Short descriptive text snippets
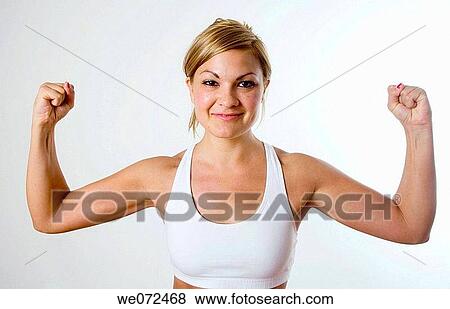 Young blond woman in workout gear happily flexes her muscles. View Large Photo Image Stock Photo - Young blond woman in workout gear happily flexes her muscles.. Fotosearch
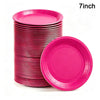 A stack of pink disposable paper plates, including one plate lying flat, is shown.
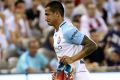 Tim Cahill leaves after being sent off against Melbourne Victory.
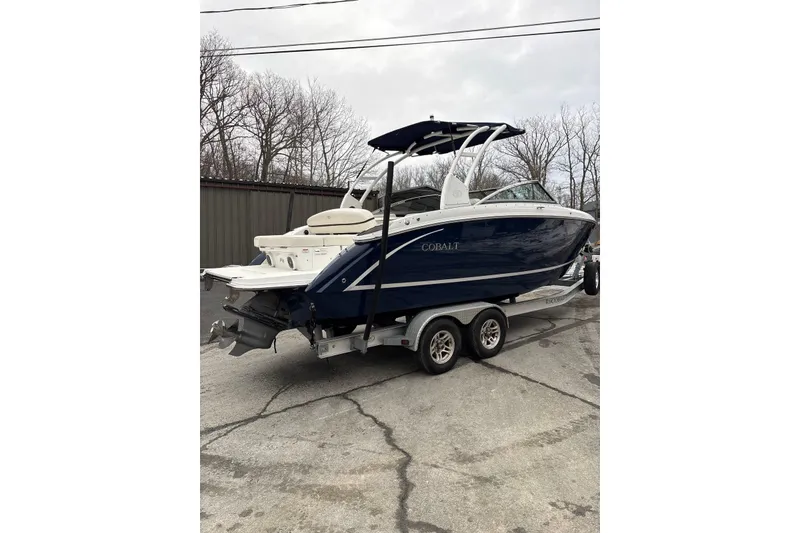 Slide: The Image of 2015 Cobalt R5 boat on trailer, parked outdoors, overcast sky. - 3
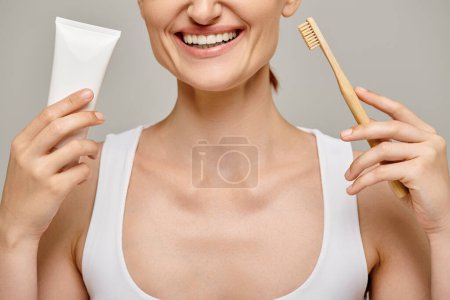 cropped view of cheerful woman holding toothpaste and toothbrush and smiling at camera on grey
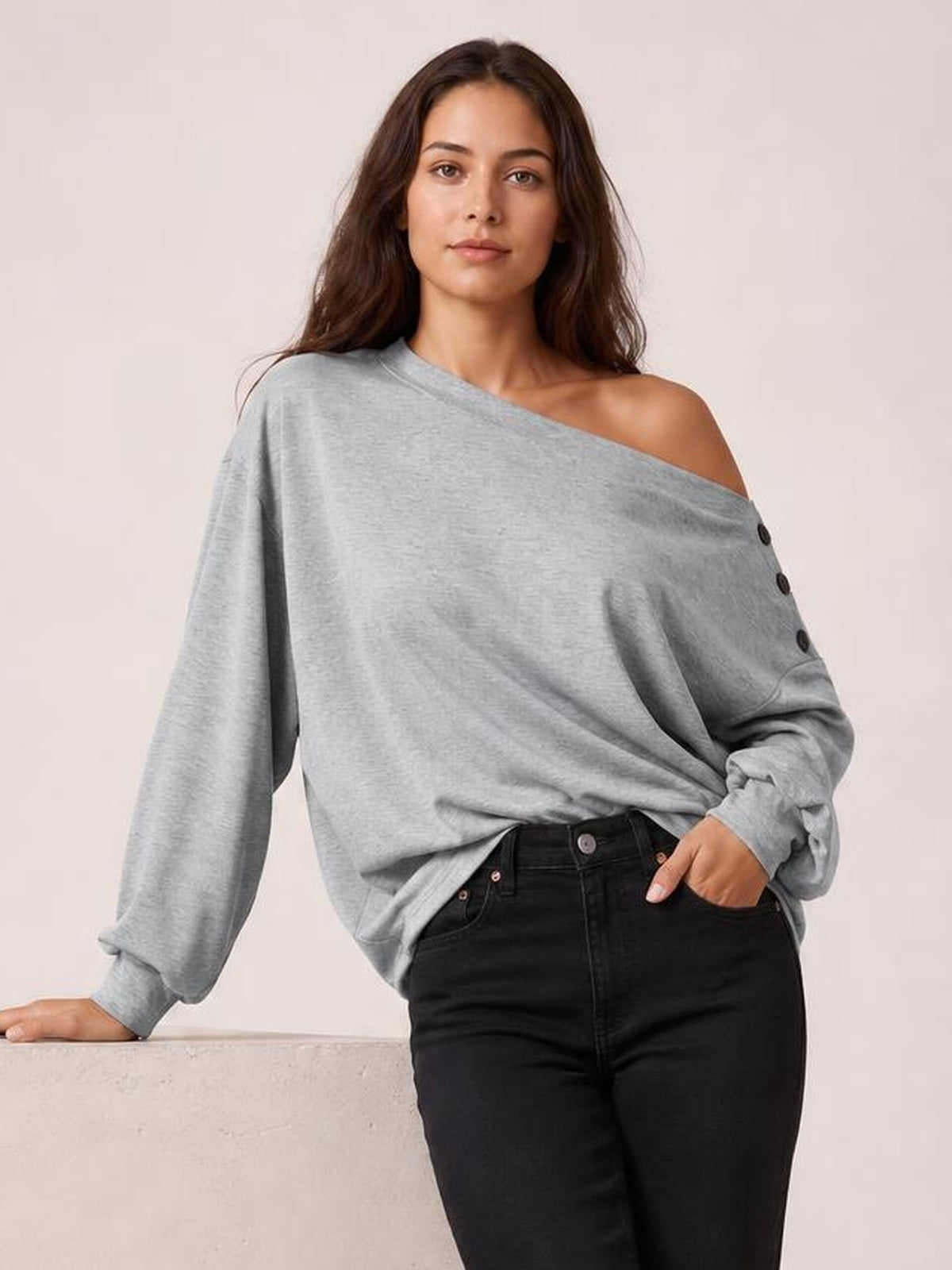 Model poses in a gray off-shoulder long-sleeve blouse with a relaxed silhouette, button detailing along the side, and one hand in her jeans pocket.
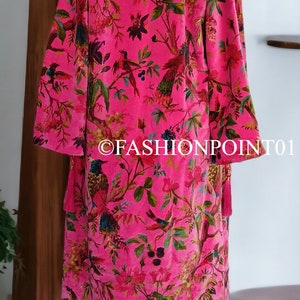Puede incluir: Una bata de terciopelo rosa con estampado floral y de p&aacute;jaros. La bata tiene mangas largas y una borla en el lateral.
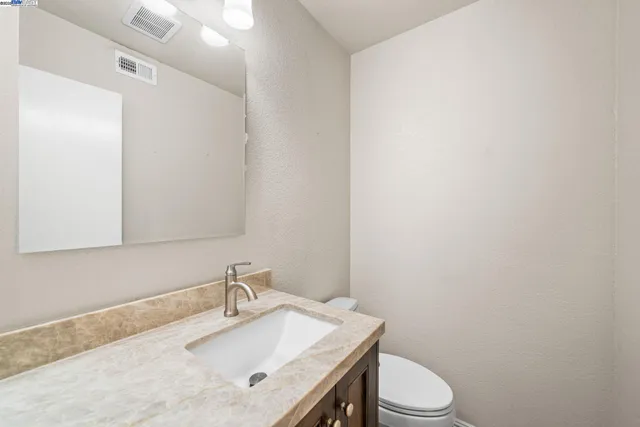 a bathroom with a sink a toilet and mirror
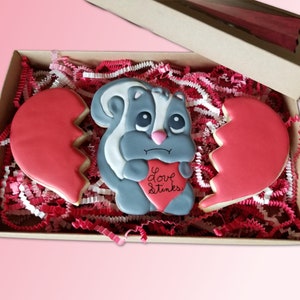 May include: A gray and white skunk cookie holding a red heart cookie that says "Love Stinks". The skunk cookie is in a box with red and white shredded paper. There are two broken red heart cookies in the box.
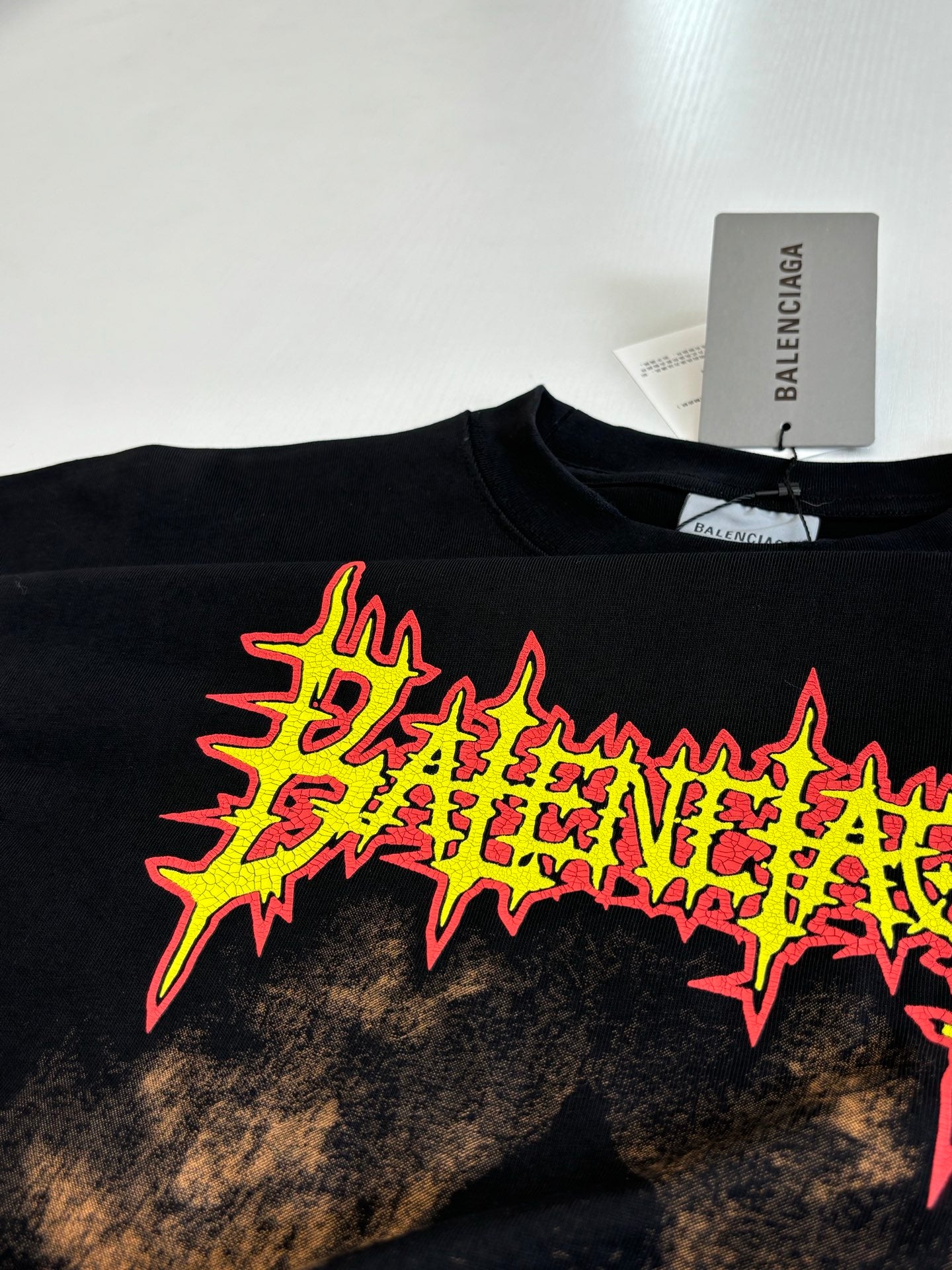 Balenciaga black T-shirt neon logo star graphic, close-up front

_TO DO_
Return only the lines that start at the line containing "Model poses in" and finish at the last line of the entries, exactly as written and without pictures.

_OUTPUT OF THE TASK_
 Model poses in a gray off-shoulder long-sleeve blouse with a relaxed silhouette, button detailing along the side, and one hand in her jeans pocket.
Puede incluir: Una bata de terciopelo rosa con estampado floral y de p&aacute;jaros. La bata tiene mangas largas y una borla en el lateral.
 a bathroom with a sink a toilet and mirror
 May include: A gray and white skunk cookie holding a red heart cookie that says "Love Stinks". The skunk cookie is in a box with red and white shredded paper. There are two broken red heart cookies in the box.
 Balenciaga black T-shirt neon logo star graphic, close-up front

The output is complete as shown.